“But you will mention others, and they will mention Guy—don’t doubt that for a minute.” He turned suddenly toward her. “Promise me, Shannon, that you will not go—that you will not mention what you know to a living soul. I would rather go to the pen for twenty years than see Eva’s life ruined. You don’t know her. She’s gay and happy and frivolous on the outside; but deep within her is a soul of wondrous sensitiveness and beauty, which is fortified and guarded by her pride and her honor. Strike down one of these, and you will have given her soul a wound from which it may never recover. She can understand neither meanness nor depravity in men and women. Should she ever learn that Guy had been connected with this gang, and that the money upon which they were to start their married life was the fruits of his criminality, it would break her heart. I know that Guy isn’t criminally inclined, and that this will be a lesson that will keep him straight as long as he lives; but she wouldn’t look at it that way. Now do you see why you must not tell what you know?”

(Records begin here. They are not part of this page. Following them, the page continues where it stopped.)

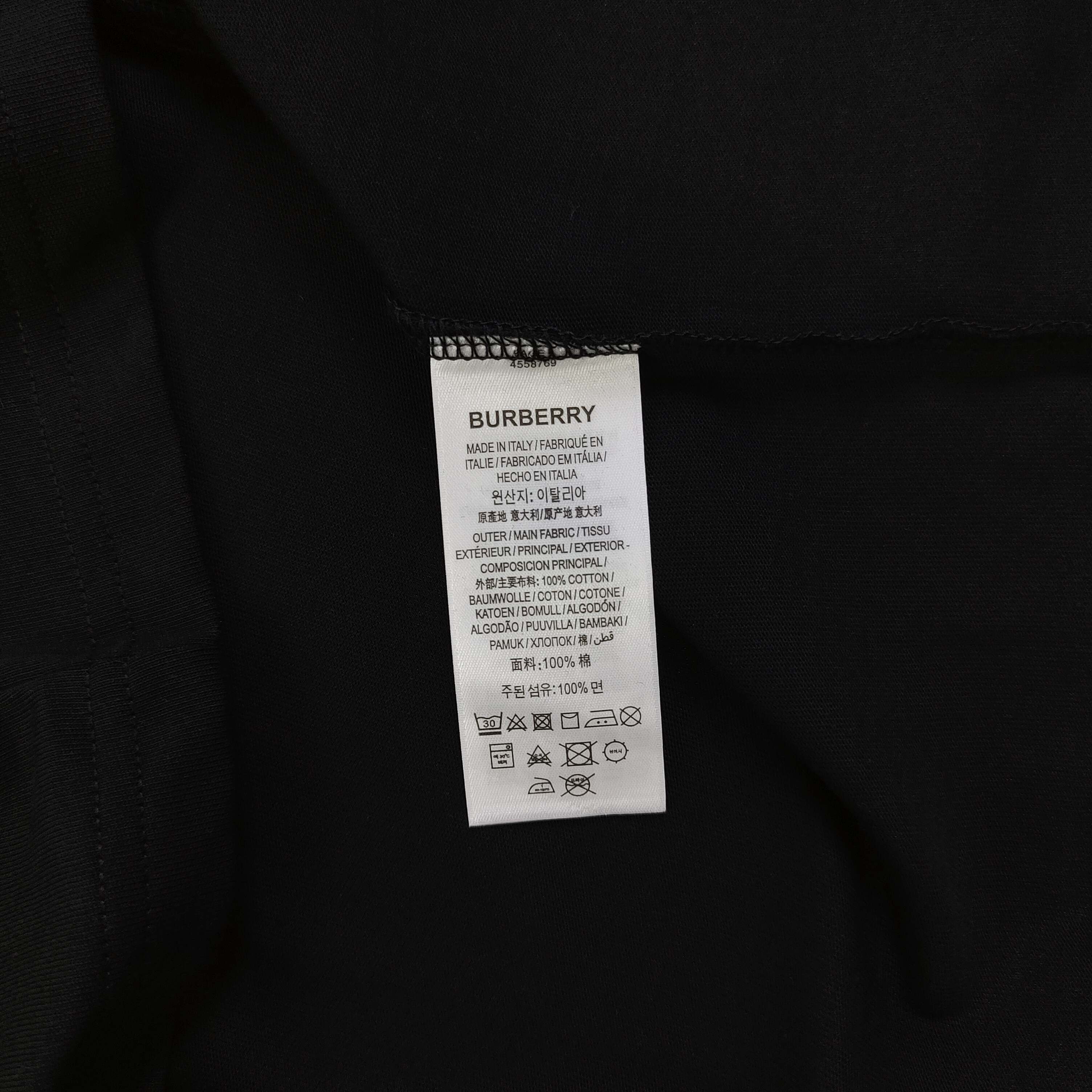 💰85
【款号：Cx3305B】高版本
2025新款Burberry巴宝莉小徽标战马骑士logo图案绣花休闲情侣宽松短袖T恤，独一无二的活性环保面料染色，32支双纱精梳纯棉爽滑手感，纯棉不起球不起毛，面料采用270克重的纯棉双纱爽滑面料，质量保证、定制面料、定制定染，欢迎对比质量，男女同款！
颜色：黑色
尺码：XS-L 
    衣长 胸围 袖长 肩宽
XS   70   110   18.5   58.5
S    72   114    19     60
M    74   118   19.5   61.5
L    76   122    20    63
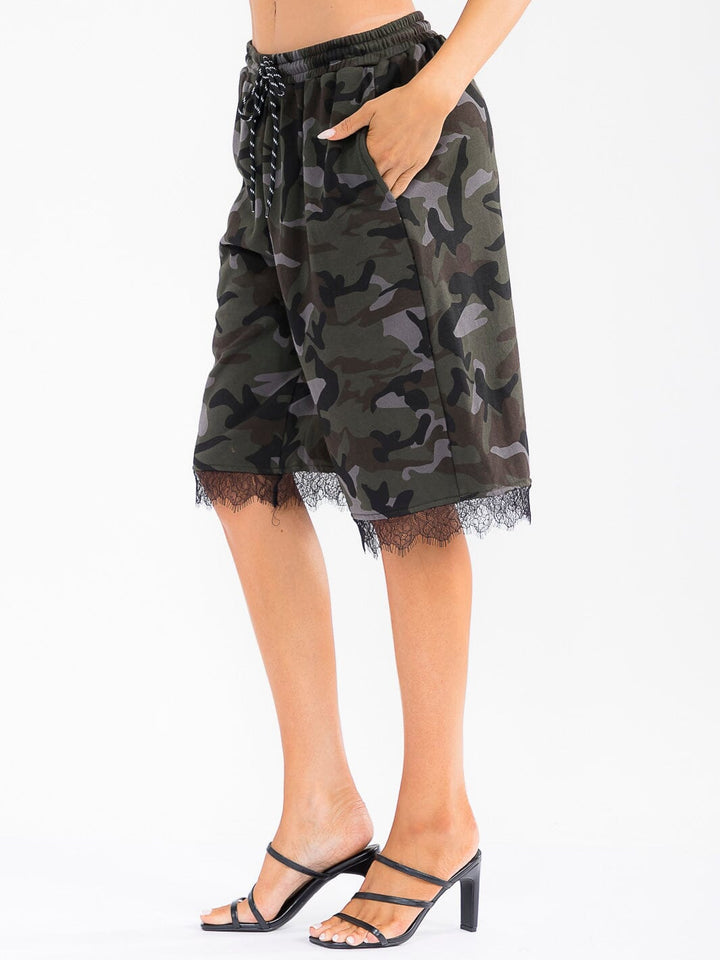 WOMEN'S ELASTIC WAIST SELF TIE POCKETS LACE TRIM CAMO PRINT BERMUDA
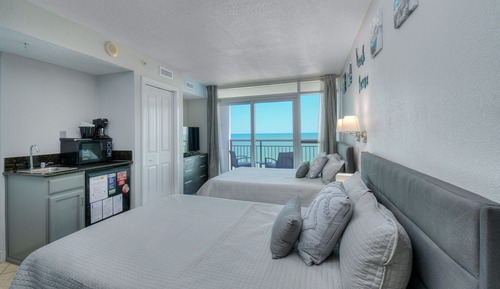 Studio, 2 Queen Beds, Balcony, Oceanfront (604B)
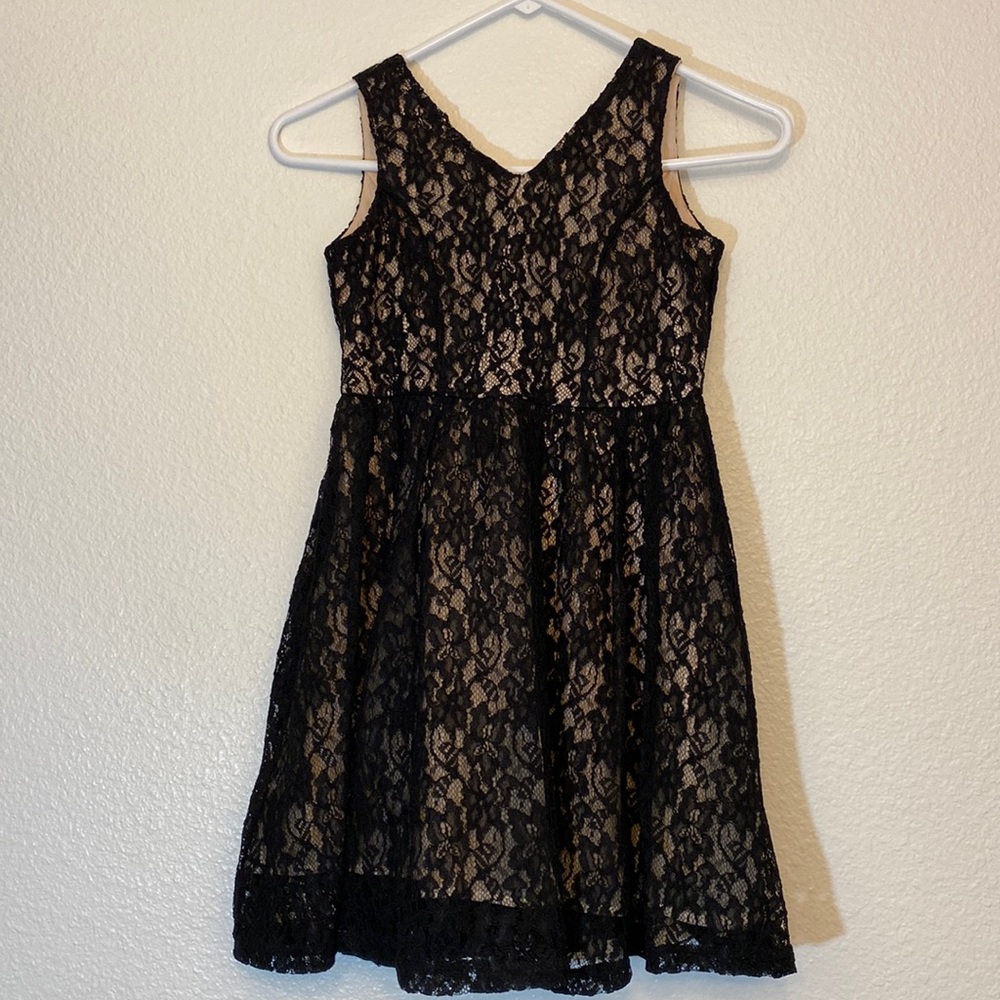 Soprano, girls 7/8, black lace dress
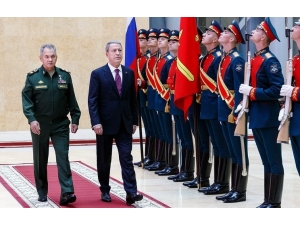 Hulusi Akar, Rus Mevkidaşı İle Görüştü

“Perhaps you are right, but it seems to me she would not suffer any more if Guy went than if her brother went. She loves you very much.”
“But she will know that I am innocent. If Guy went, she would know that he was guilty.”
Shannon had no answer to this, and they were silent for a while.
“You will help me to keep this from Eva?” he asked.
“Yes.”
She was thinking of the futility of her sacrifice, and wondering what explanation he was putting upon her knowledge of the activities of the criminals. He had said that there could be no reason in the world why a woman should have any dealings with such men, or any knowledge that would make dealings with them possible. What would he think of her if he knew the truth?
The man’s mind was a chaos of conflicting thoughts—the sudden realization of a love that was as impossible as it was unwelcome—recollection of his vows to Grace, which were as binding upon his honor as the marriage vows themselves would have been—doubts as to the character and antecedents of this girl who rode at his side to-day, and whose place in his life had suddenly assumed an importance beyond that of any other.
Then he turned a little, his eyes rested upon her profile, and he found it hard to doubt her.
Shannon felt his eyes upon her, and looked up.